With the economy being in recession for most countries, repossession of vehicles is becoming more and more prevalent. People are struggling to keep up with their payments and the cars are being taken back by the lender.

When can a car be repossessed?

A car can be repossessed when the payments are not kept up to date. This is mainly when cars have been bought of hire purchases. This is when you have a monthly payment for a car and after a certain time period, the car will become yours, but whilst you are still making the payments, the car is still the property of the lender and you are essentially hiring it from them.

With this type of purchase, the lender can repossess the car without a court order if you have paid less than one third of the value of the loan for the car. They can't do this without a court order if you are near the end of the loan period when you run into money troubles.

What is a repossession?

This is where most people get mixed up about what constitutes a repossession. The lender cannot just turn up on your doorstep, enter the premises and then take the car. This would be breaking and entering and theft. They have to have your consent to take the vehicle. If you are having money problems anyway, you might be happy giving your consent.

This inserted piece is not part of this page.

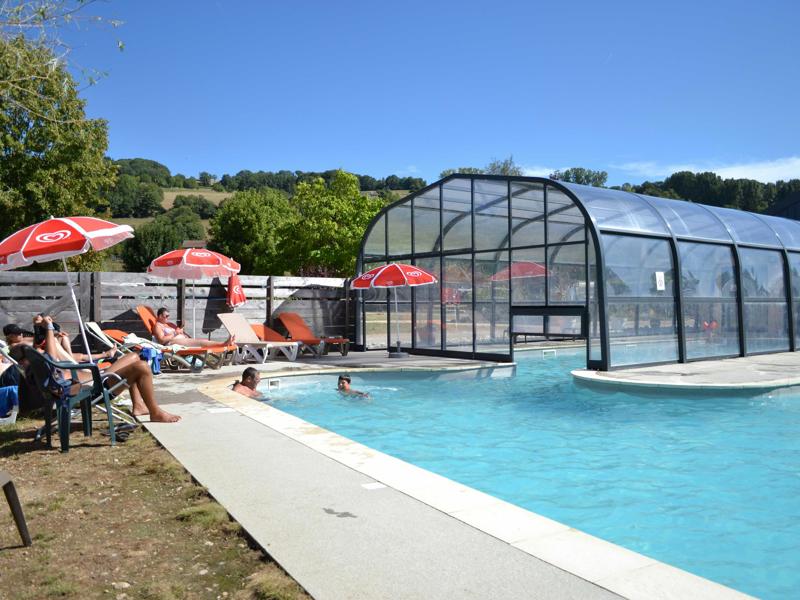 Hoofdfoto van Detente et Clapotis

If you do not give consent, then the lender has to apply to the court for a default order and then a repossession order for them to legally take the vehicle.

What if you want to keep the vehicle?

If you are having money trouble, but you want to keep the vehicle, you can ask the lending company if they will give you some time to get some money together and carry on making the payments. This is at the lenders discretion and don't rely on this. They can refuse this and send you a default notice anyway.

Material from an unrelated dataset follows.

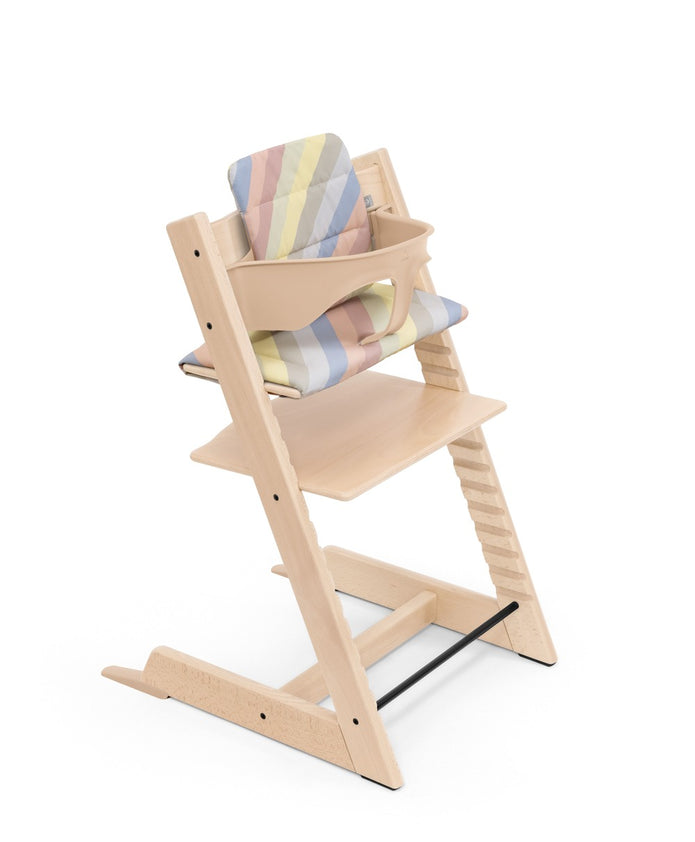 Stokke® Tripp Trapp Cushion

You also have the option of contacting the lender and asking them for a reduction in payments. This way, you are still making some payments and you are not completely defaulting on the payments. You will still incur interest on this payments, so you need to discuss with the lender if the lesser payments will cover the interest as well, otherwise there is no point in making the payments.

Check your contract!

Before you do any of the above, you should check the contract and see how long you are actually tied into the hire purchase for and if there are any "get out" clauses. There may be a clause where if you are made unemployed, you can just give the car back no questions asked.

If you are near the end of the contract anyway, you might have options for selling the car, paying the remainder of the loan off and then paying some other items off as well. This might be better for you in the long run because you won't default on the loan and it would affect your credit score.

When you are experiencing money problems, it will be a highly stressful time for you. It will be hard for you, but keep in mind there are options out there for you. You don't have to live in the constant worry that a bailiff is going to come knocking at your door. Do your research and try to remain calm.

If you are thinking about hiring a car and you know that you might come into money troubles in the future, it may be worth having a credit check done to see what items you actually own and what could be repossessed in the future.